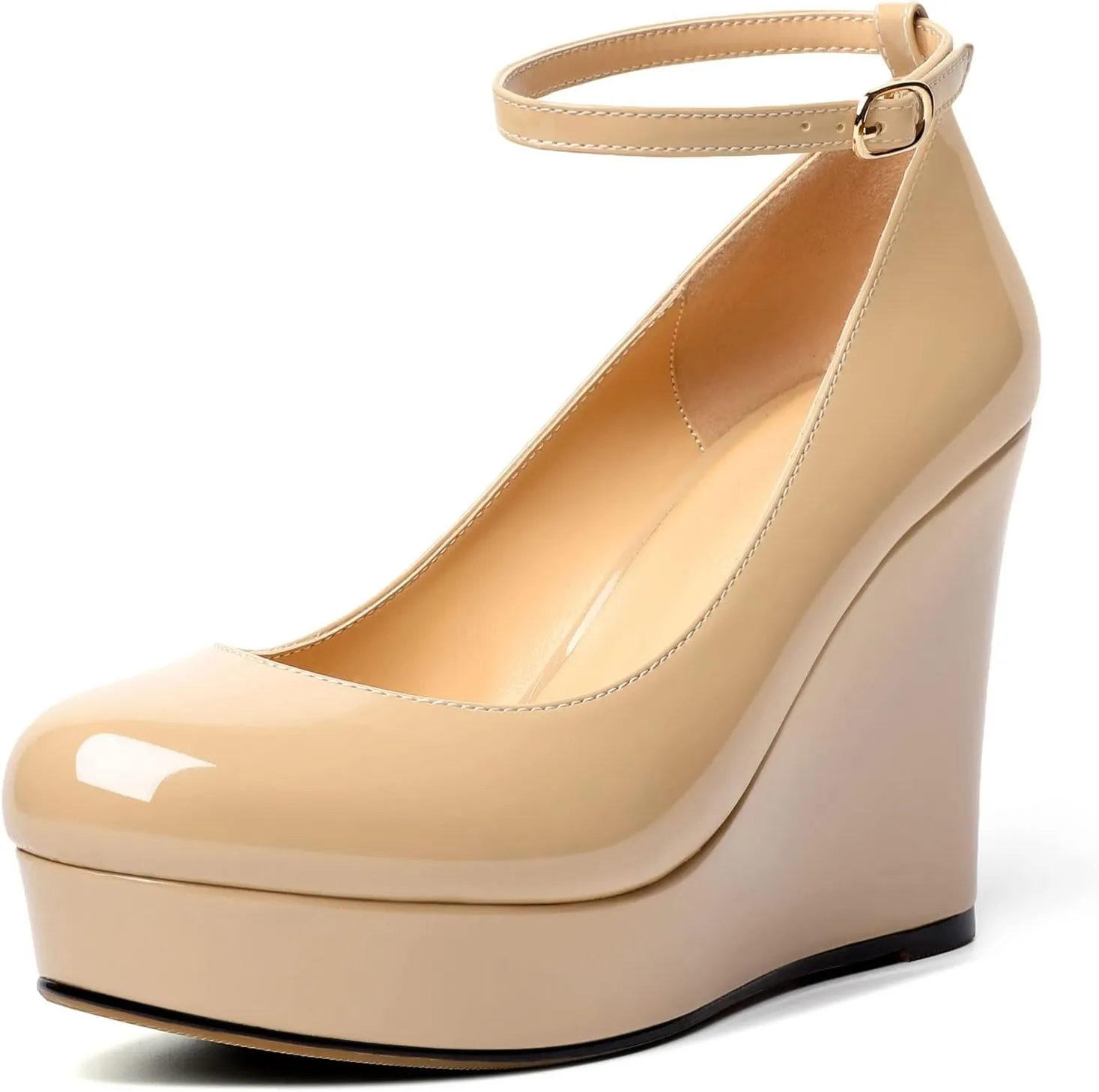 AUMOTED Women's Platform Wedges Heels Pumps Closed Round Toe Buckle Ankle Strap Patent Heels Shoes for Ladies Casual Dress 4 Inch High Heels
--
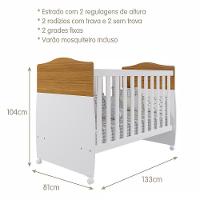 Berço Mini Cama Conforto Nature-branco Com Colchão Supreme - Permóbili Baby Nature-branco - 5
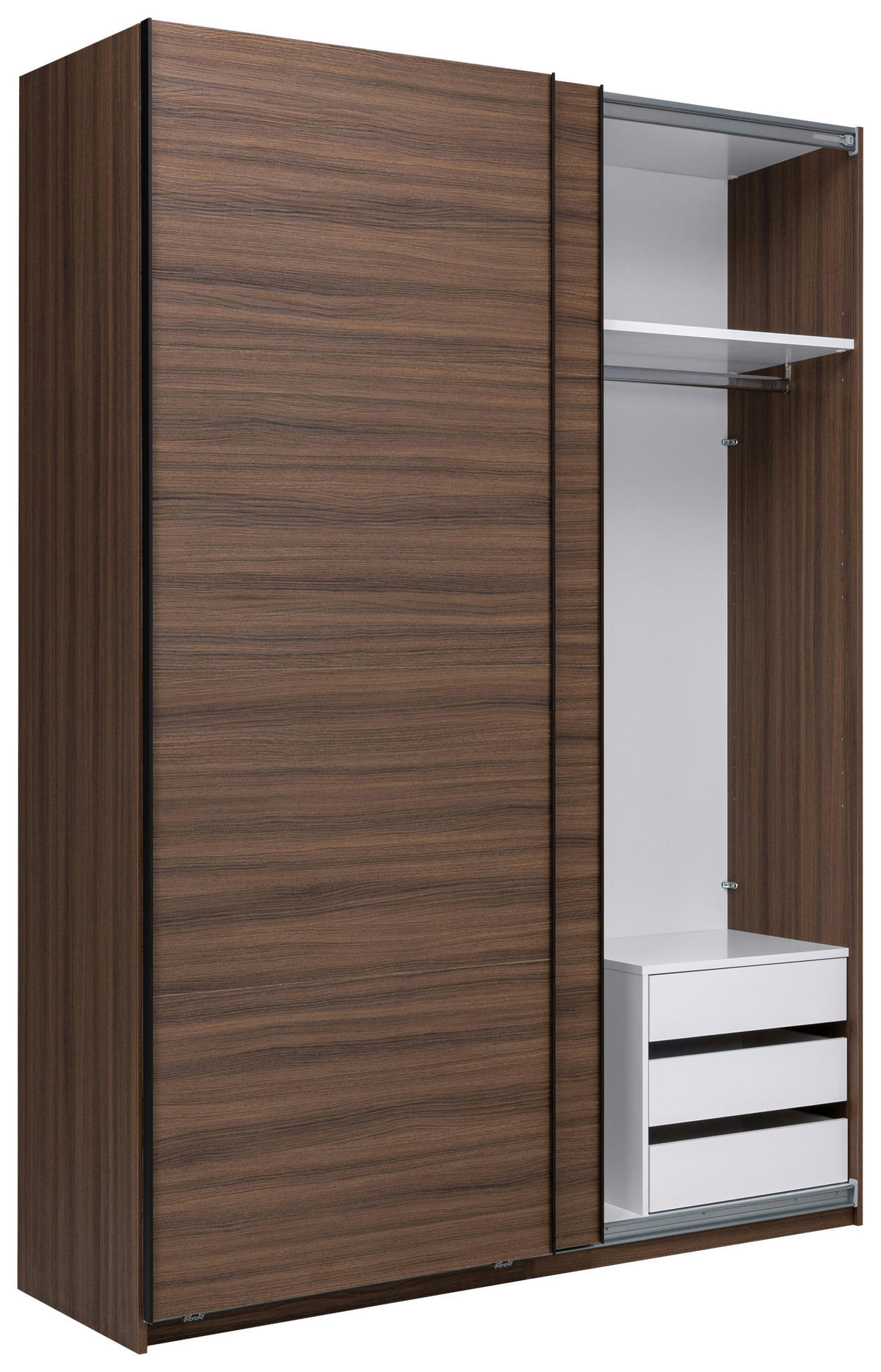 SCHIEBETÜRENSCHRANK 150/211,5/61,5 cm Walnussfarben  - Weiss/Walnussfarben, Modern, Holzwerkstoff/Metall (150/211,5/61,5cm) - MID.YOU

• EXERCISE PROMPT: Above are some records; quote exactly and only the lines that begin at the line containing "Berço Mini Cama" and stop after the line containing "SCHIEBETÜRENSCHRANK 150/211,5/61,5 cm", leaving out the pictures.

• SOLVED EXERCISE:
 Berço Mini Cama Conforto Nature-branco Com Colchão Supreme - Permóbili Baby Nature-branco - 5
 SCHIEBETÜRENSCHRANK 150/211,5/61,5 cm Walnussfarben  - Weiss/Walnussfarben, Modern, Holzwerkstoff/Metall (150/211,5/61,5cm) - MID.YOU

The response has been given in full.